It may be fortuitous that the Winter Olympics and Lent begin around the same time. Two seasons where challenge and struggle are melded together for a higher purpose give each an added bonus. Lent can take from the Olympics the evidence that practice makes perfect as well as a never give up attitude. The Olympics can take from Lent that higher purpose can motivate us to overcome adversity far more than accolades that will fade and tarnish. But it is what is unseen in preparation that really tells the tale in the success of these two seasons.
We watch Olympic athletes and enjoy the show. But the practices that have preceded the performances are often carried out with no fanfare and not much fun. They are regularly done at inconvenient times when others are asleep or relaxing. They examine and re-examine the finest details of their sport in order to make small changes that may have only a millisecond of difference but may also be the transformation from silver to gold. This is not a game or a pastime for these athletes, it is a passion. The mark of that passion is the preparation for the season that is key to performance. Can Lent be the same?
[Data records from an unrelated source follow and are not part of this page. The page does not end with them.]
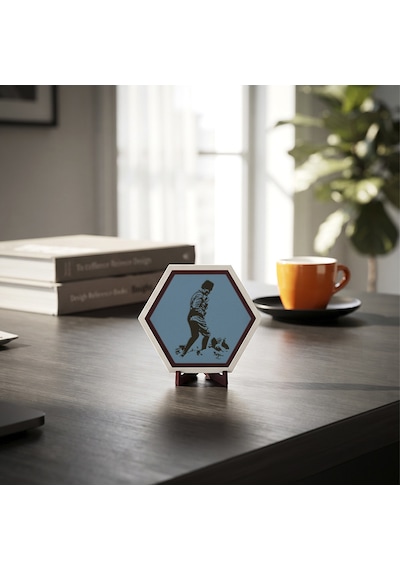 Atatürk Temalı Modern Dekoratif Masaüstü Süsü, Yaşam Alanlarına Estetik Bir Dokunuş 10x10 Cm, Gök Mavi
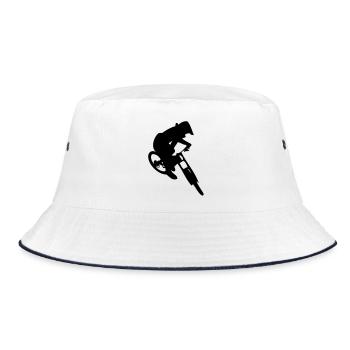Downhill bike jump - Bucket Hat - white/navy - Front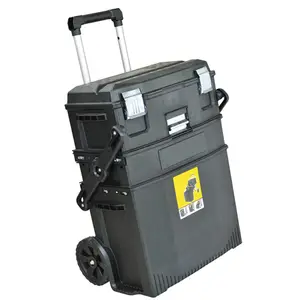 Kotak Peralatan Plastik Portabel GD5070, Alat Penggulung Kotak Peralatan Penyimpanan Alat Gude Dada dengan Roda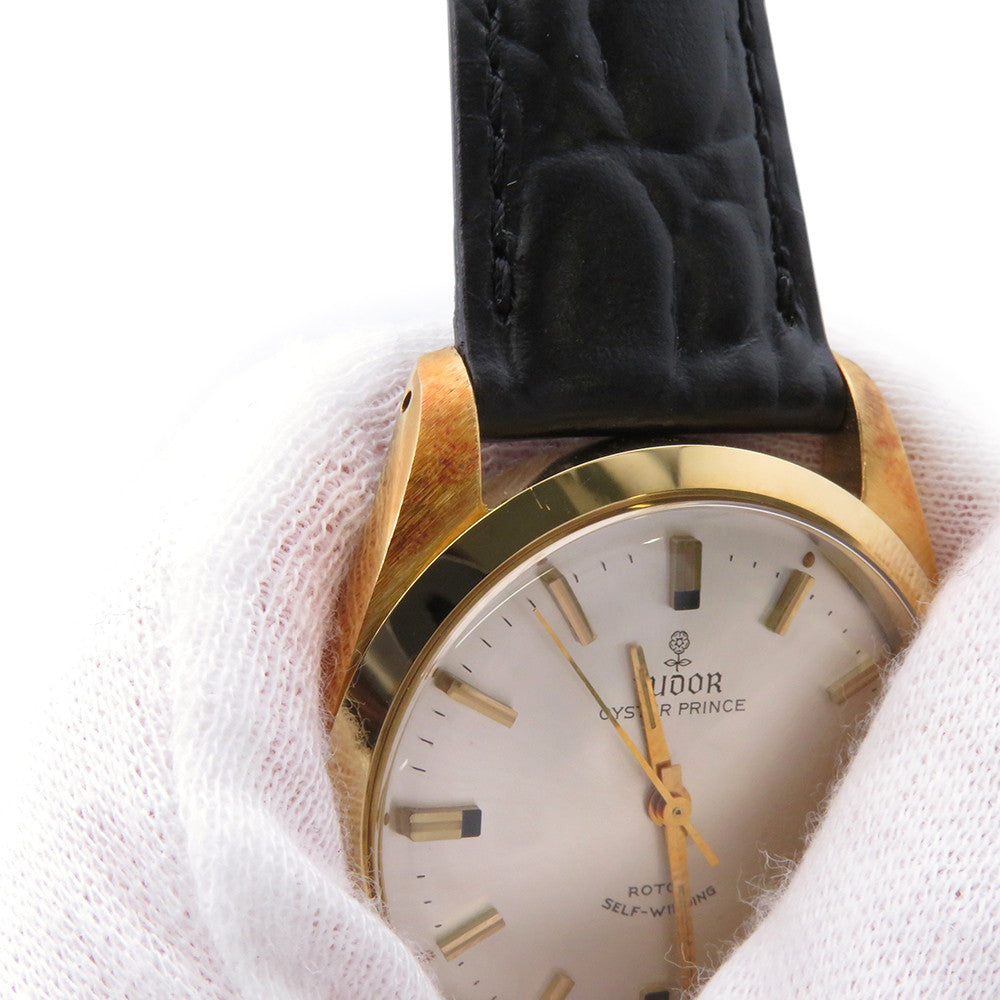 TUDOR Tudor Oyster Prince W34mm Gold Plated Leather Silver Dial7995/1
If we are drawing parallels between the season of the Olympics and the season of Lent, is it possible to imagine ourselves as Olympic caliber Catholics who are preparing for the Lenten season to come? It almost seems comical to consider ourselves at that level of dedication. But if not that, if we are not that passionate to prepare well for the season of Lent, then how would we describe our relationship with Christ in faith? A pastime? A hobby? A curiosity? A club? If so, I imagine that our season of Lent will limp accordingly, and will miserably fail in the project of real preparation to make the Lenten journey the experience of conversion that it is designed to produce. Anything other than a passionate relationship with Christ in the Church simply does not inspire enough to make the sacrifices in preparation for Lent as well as in the season itself.
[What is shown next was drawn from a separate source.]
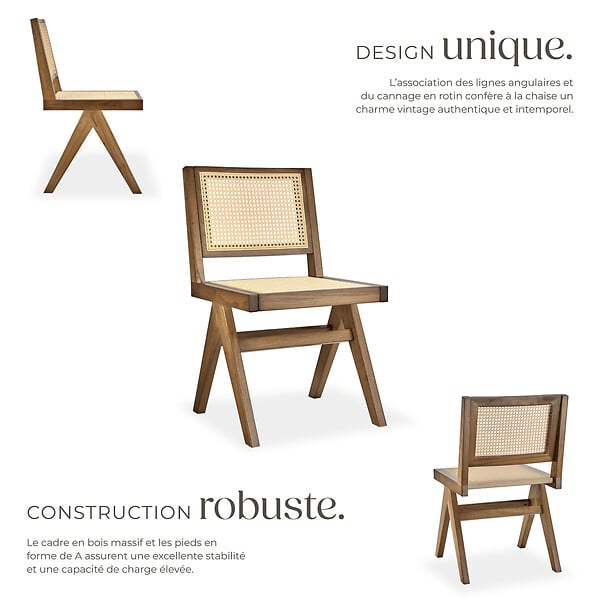 TECTAKE - Lot 6 chaises en bois avec cannage viennois design boho chêne clair - large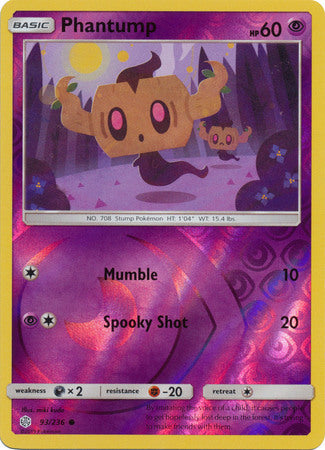 Phantump 93/236 SM Cosmic Eclipse Reverse Holo Common Pokemon Card TCG - Kawaii Collector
What sacrifice needs to be engaged in the days before Lent? We are called to dedicate quality time to reflecting and preparing to engage the season well – to hit the ground running. We need to know ourselves well enough to realize the small and not so small adjustments that our faith journey requires to be headed to the medal winners’ platform, rather than losing or worse, being disqualified. We need to select penitential practices of substance, more than the sweet abstaining clichés of our youth. We need to select some reading material that will fuel our minds. We need to carve out regular time for prayer and reflection. We need to consider the poor and how we will make a difference in their lives. Suffice it to say that what every passionate Olympian knows to be true is equally true for every Christian who is even moderately self-reflective: we cannot engage the season unless we prepare well for it. Ash Wednesday is a few days away – get prepared and let the games begin!